[Ietf-not43] issues and questions on FIRS
Leslie Daigle
leslie at thinkingcat.com
Sun Aug 17 23:56:32 EDT 2003
Eric,
You and I have already disagreed about this off-list, but:
Eric A. Hall wrote:
> on 8/16/2003 11:17 AM Andrew Newton wrote:
>
>
>>#1 - Naming Syntax of inetDnsDomainSyntax (Section 3 in
>>draft-ietf-crisp-firs-dns).
>>
>>First, I do not understand why the domain name is being specified as
>>UTF-8. I understand that this is being done in consideration of IDN's,
>>but this is a service about the actually registered domain names. While
>>the UTF-8 equivalences are important, the key for the domain names (the
>>rdn in this case) should be the wire equivalence since this about the
>>registration of these domain names. In other words, I think the key
>>should be the 7-bit ASCII versions that show up in zone files and via
>>dig, etc... and not the 8-bit versions.
>
>
> This is a complex issue but the simple answer is that the UTF-8 form will
> be the preferred form eventually, and it will be simpler in the long run
> to do UTF-8 now rather than try to accomodate two systems later. Now for
> the complex answer:
I disagree that it is appropriate to be architecting the CRISP
system such that UTF-8 is sent in a query that is supposed to be
about domain names.
Today, domain names are still defined as ascii, and the
requirements talk about the ability to lookup domain names, not
"internationalized domain names".
For the very reasons you cite below, the client has to do the
normalization, and for DNS that means drilling down to
the ascii-encoding.
If this working group believes it is important to be able to
do queries on the internationlized form of domain names, then
that should be added to the requirements documents.
Otherwise, IMO, we wind up in a world of hurt.
Leslie.
>
> 1) I had to choose one.

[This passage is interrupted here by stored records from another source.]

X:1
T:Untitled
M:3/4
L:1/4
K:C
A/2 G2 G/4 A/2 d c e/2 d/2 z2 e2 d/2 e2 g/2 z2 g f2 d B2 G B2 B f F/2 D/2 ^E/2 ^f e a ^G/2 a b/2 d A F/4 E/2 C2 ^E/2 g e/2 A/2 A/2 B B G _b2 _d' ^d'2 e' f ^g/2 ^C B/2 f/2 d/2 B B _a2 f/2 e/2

It is likely that clients will exist that only
> accept seven-bit ASCII for input/output, but it is also likely that there
> will be clients which will use UTF-8, and it is also likely that some
> clients will require some other local encoding (eg, UCS-2 on Win32).
> However, protocol efficiency requires that a single canonical form be used
> for the message data. The "majority" is going to have to do some kind of
> conversion no matter what. None of them are significantly cheaper at this
> exact moment in time.
>
> All systems are required to do validation anyway. The cost of local
> conversion is likely to be relatively minor if it done during the
> validation process, so there's no significant incentive for any format
> here either.
>
> The wire format for LDAP protocol is UTF-8. Since all LDAP libraries
> already have to support UTF-8 conversion in order to render LDAP data for
> local input and output (EG, a company name, or a street address), this
> means that reusing the existing UTF-8 conversion logic is going to be the
> cheapest for everybody, since they code would have to exist already.
>
> Furthermore, non-trivial comparisons are easier using UTF-8 than ACE.

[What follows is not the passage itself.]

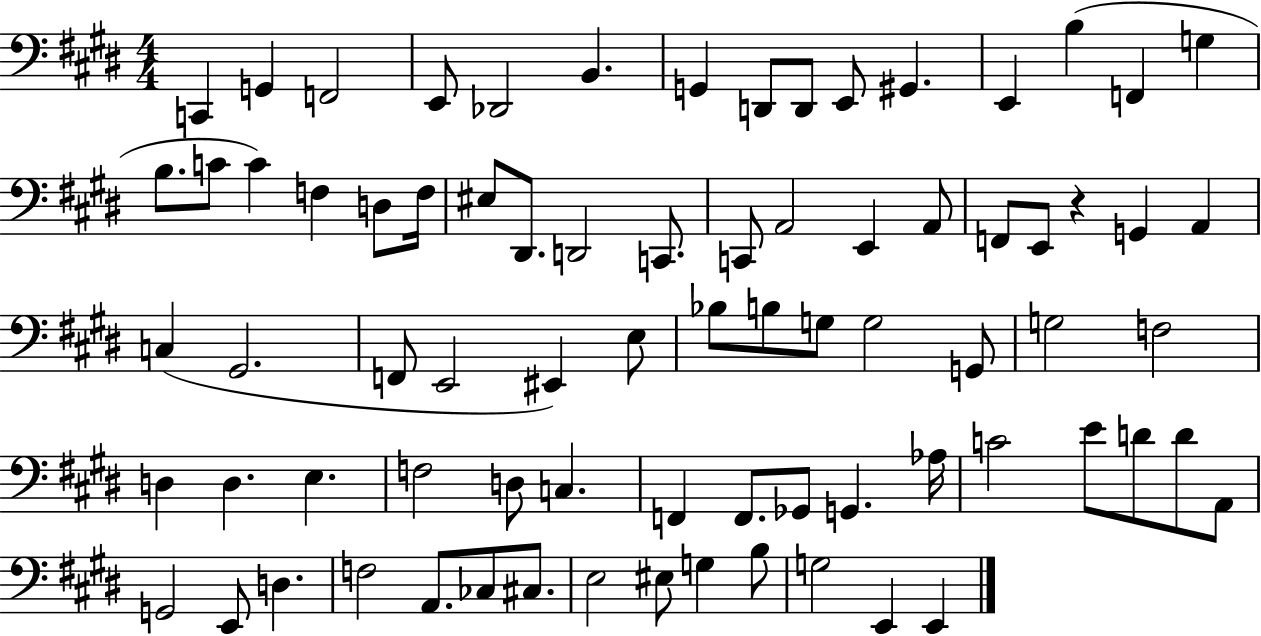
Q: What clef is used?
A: bass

> Sub-string searches, soundex searches, etc., any of which may already be
> implemented in LDAP servers for UTF-8, can be reused pretty easily (or
> extended partially to allow for things like dot-separators between
> labels). With something like IDNA, however, the servers would need
> separate searches for all of these, with the first step being to produce a
> normalized (UCS) instance. Using UTF-8 as the default makes this stuff
> much much easier, and this is a very compelling argument.
>
> 2) i18n domain names have a canonical representation as UCS characters.

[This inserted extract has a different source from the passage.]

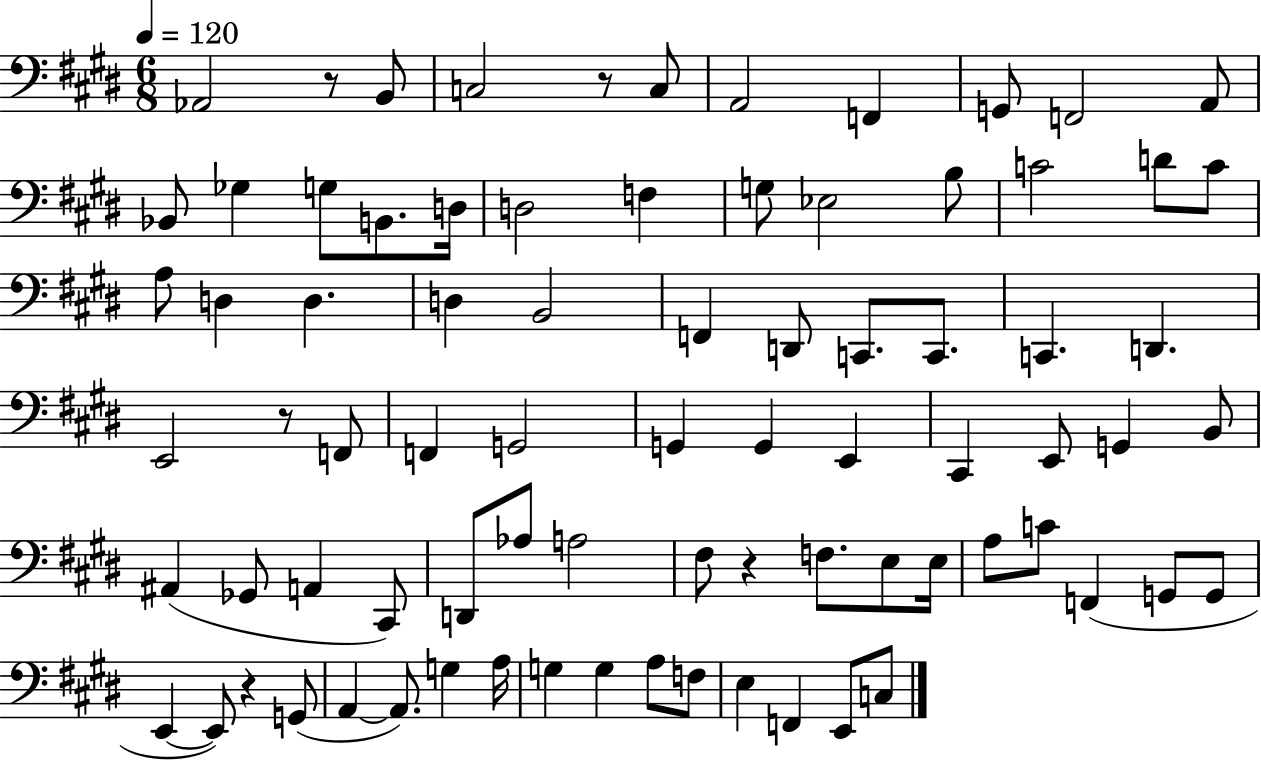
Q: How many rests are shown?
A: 5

> The IDNA (ASCII-compatible) representation is just one of many possible
> UCS-to-<target> encodings for IDNs. The RFCs don't hammer this point
> strong enough for my tastes, but the references to different "slots" makes
> this clear: applications can use whatever representation of a canonical
> IDN they wish, including IDNA but also including any other encoding that
> the application and/or protocol supports.
>
> At the CURRENT TIME, delegation entities are seeing IDNA as the dominant
> encoding, but this is symptomatic rather than deliberate. For example, at
> this particular moment DNS delegations and nameserver entries are limited
> to the hostname syntax (letter-digit-hyphen), but that doesn't mean that
> alternative encodings cannot be used in the future (I've done a fair bit
> of work in this space, and my research shows that it is possible, and that
> the problems are political not technological). Similarly, tools like dig
> are currently constrained to ASCII output, but there is no reason to
> believe that folks are not going to be developing IDN-aware tools that
> perform IDNA-to-local conversions for input and output (this would
> actually be pretty simple). I mean, there's nothing about dig that
> prevents this; if we expect stuff like web browsers and email clients to
> perform conversion, then certainly dig and hostname and the like can too.
>
> Cumulatively this means that the use of ASCII-compatible sequences for
> domain name ~management is an artificat of the CURRENT generation of
> services and tools, and not a restriction of the technology. In all
> likelihood, the tools and services will adapt, and then sooner or later
> we'll have local encodings of the canonical IDNs being the default view,
> rather than IDNA being the default.
>
> 3) If FIRS is chosen, and if the directory expands into the edges of the
> user-to-user space, the use of LDAP tools to manipulate raw data will
> become more common. This means that more and more people will eventually
> be exposed to the protocol representation directly (modulo any wholesale
> conversion that is needed for their platform).
>
> People will want to work with the IDN they bought and/or see, not an
> illegible encoding of that domain name. I mean, we certainly don't expect
> that people will *want* to work with IDNA encodings in web pages or email
> addresses, and I think that the CRISP user community is going to have the
> same kinds of desires for the ~whois service too. With this in mind, the
> smart play in terms of adoption is to give them what we already know
> they're going to want, which is internationalized views. Ask your
> marketing department if they are selling i18n domain names or encoded
> representations of i18n domain names, and let that answer apply to all of
> the other domain-based usages that might be plugged into the directory in
> the long haul.
>
> This is true from the user side too. When I get my first IDN spam, I'm
> going to want to find details about the "exämple.com" domain, not
> "xn--exmple-cua.com".
>
> This is also where points 1 and 2 come together. The default UTF-8
> encoding is mandatory in all cases and is therefore guaranteed to be
> supported, while the tools which are currenlty used to manage domain names
> suffer from version-specific restrictions and are likely to be eventually
> upgraded so that they provide i18n representations by default. In other
> words, the tools are likely to catch up to the user's desires and the
> capabilities of the technology, rather than being a permanent restriction
> on the entire system.
>
> There is another minor point here, which is that the official IAB policy
> calls for UTF-8 as the preferred encoding. Since we are implicitly hoping
> for reuse of common data, this is a strong argument in favor of using
> UTF-8 for (most) directory data regardless of its underlying definition.
>
> So given all of that, using the UTF-8 representation makes the most sense
> both in the short-term and the long-term.
>
> On the other side of the coin is the operator convenience issue. Working
> with a representation of the domain names which is different from the
> representation used by the current generation of tools and services is
> admittedly inconvenient. I don't think this is compelling enough to
> justify forcing all users and layered applications into working with an
> illegible encoding format by default. The tools will change eventually.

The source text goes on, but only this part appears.